The main business of this meeting was the re-election of the Board for the ensuing year. It is to be understood that each side elected its own representatives, and there was no suggestion in the Rules that either side should have any right of objection against the nominees of the other. 

The manufacturers now calmly announced that they could not proceed with the work of the Board unless the workmen withdrew one of their representatives. 

There were two objections which they had against him — 

first, that he was not an operative potter ; 

secondly, that he had recently written a letter to a newspaper in regard to the unhealthy conditions of labour in The Potteries which reflected upon the humanity of the manufacturers. 
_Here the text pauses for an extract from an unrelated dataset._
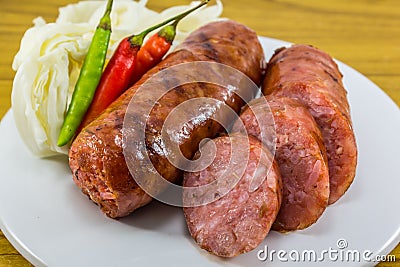 Thai sausage with Chilli and vegetables Stock Photo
As to the second objection, there can be no doubt that the form of the paragraph was indiscreet, but there was much truth in its substance. The writer of it frankly admitted the error into which a hasty pen had rushed him, and desired to withdraw the imputation of deliberate and intentional carelessness which that paragraph had directed against the employers, but he still maintained his ground in regard to the main point : 

that manufacturers showed an extraordinary indifference to the fearfully unhealthy conditions — capable of easy remedy — under which their employees worked. [footnote 2

As to the first objection, it was too ridiculous to be argued. The man against whom they had objected had established the first Board of 1868, and but for him the Board of 1885 would never have come into existence. He had been a continuous member of both Boards, from 1868 down to 1890, and there had never been the least objection to him on the ground that he was not a working potter. 

Moreover, two of his colleagues were not working potters — they were the paid representatives of the men. 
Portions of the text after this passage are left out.